Friday, July 6, 2012
In contrast to the sense of animation that I mentioned in a recent post here I'm much more concerned with orchestration or perhaps design. Color, light, shape, texture and the subjects themselves should all add up and fit together in a 'certain' way. Who knows what that 'certain' way is but I think it's unique to each artist. You know when it seems right. For me in this painting a lot of it has to do with a feeling of beautiful calm that seems so typical of this area. The birds add to it but are not primary. It was trying to orchestrate all this that caused me to do the reeds over and over again, especially trying to make the back ones seem less important than the front ones.

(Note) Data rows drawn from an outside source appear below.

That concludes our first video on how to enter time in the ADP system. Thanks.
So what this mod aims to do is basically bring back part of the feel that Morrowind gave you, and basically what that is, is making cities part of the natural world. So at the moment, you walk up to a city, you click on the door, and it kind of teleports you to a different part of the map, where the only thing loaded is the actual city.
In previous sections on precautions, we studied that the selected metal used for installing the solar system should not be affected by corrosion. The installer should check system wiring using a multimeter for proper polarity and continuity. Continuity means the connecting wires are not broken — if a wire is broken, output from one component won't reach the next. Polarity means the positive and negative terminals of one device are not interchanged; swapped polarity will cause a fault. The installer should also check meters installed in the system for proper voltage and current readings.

The frame is simple pine lattice. It doesn't look great. But to me it looks better than almost any frame I can buy! For some this may seem hard to believe. But it's true. There are times when ornate frames look appropriate and actually add to the work. But I've always used lattice to frame my large abstract paintings. It's cheap but it also does what I want: put a simple edge to the painting that differentiates it from the background wall. When I switched to naturalistic painting I found that I wanted the same thing for my acrylic paintings. This it not true for my watercolors or prints, where I think the combination of mat and fairly simple frame work to set off the art and give it it's own little world to live in. But for acrylics I still think that just enough wood to give the painting an edge looks best. If I had more time though I would have preferred mitered corners to the butt joint that I used.
Tuesday, July 3, 2012
We had hoped to see the endangered, and protected, Least Tern during our visit in late April/early May. Through the last day of our trip we still hadn't seen one.But as walked 'The Meadows' on our last night there we saw a smaller tern out on a spit. Sure enough we could see just enough to identify it as a Least Tern.
It was just too far away, even in my scope, to sketch. Instead I took some photos and hoped for the best. They still showed almost nothing to indicate it was a Least Tern. But it did show how small it was compared to the Forster's Terns to its left. And it showed one of the most striking aspects of this area, the bands of water and reed.

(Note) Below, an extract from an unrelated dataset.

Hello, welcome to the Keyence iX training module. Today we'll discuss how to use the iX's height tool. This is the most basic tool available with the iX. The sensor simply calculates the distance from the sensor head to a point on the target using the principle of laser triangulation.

I always enjoy this view. It is so indicative of Cape May. I also liked the fact that the photo showed various birds all together in the same environment. This is what you actually see when you're outside, not individual birds, posed as though in a photographer's studio. As much as I like to show the beauty of birds I like to do it with them in a recognizable environment, not in the equivalent of a photographers studio.

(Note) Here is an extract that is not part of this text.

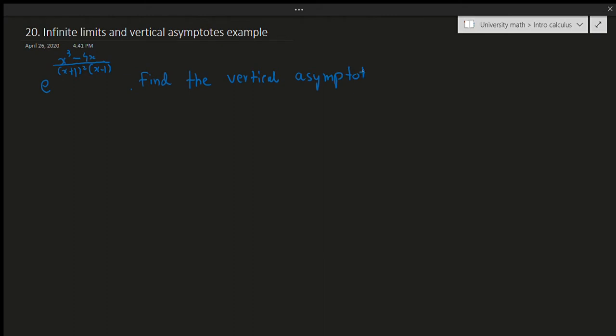A lot of people just say vertical asymptotes occur where the function is undefined — that's not true. Most people would say negative 1 and 1 are both asymptotes because the function is undefined there. But you have to be careful: in this question you'll see that only x=1 is an asymptote, and negative 1 is actually not. That's the reason I picked this example — to demonstrate the pitfalls of that assumption. To find vertical asymptotes correctly, we use the limit definition.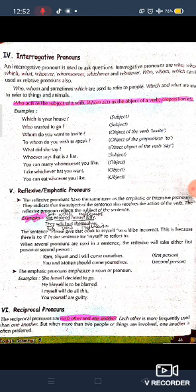These WH family members can be used in both ways — as a subject or as an object. For example: 'Which is your house?' — here 'which' is used as a subject. 'Who wanted to go?' — also used as a subject. Further, in 'To whom do you wish to speak?' — 'to' is the preposition, so 'whom' is used as the object of the preposition.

This is on a 9x12 inch canvas. I'm not sure how much more I'll work on it. I have gone back and forth on the two bands of reeds four or five times. At some point all of the shapes, colors and sense of light will look good to me, or at least as good as I think I'm capable of doing. The birds will remain loosely defined. But that is the way that they really are at that distance. I do like the fact that this looks pretty much just like what you might see at 'The Meadows' in late spring.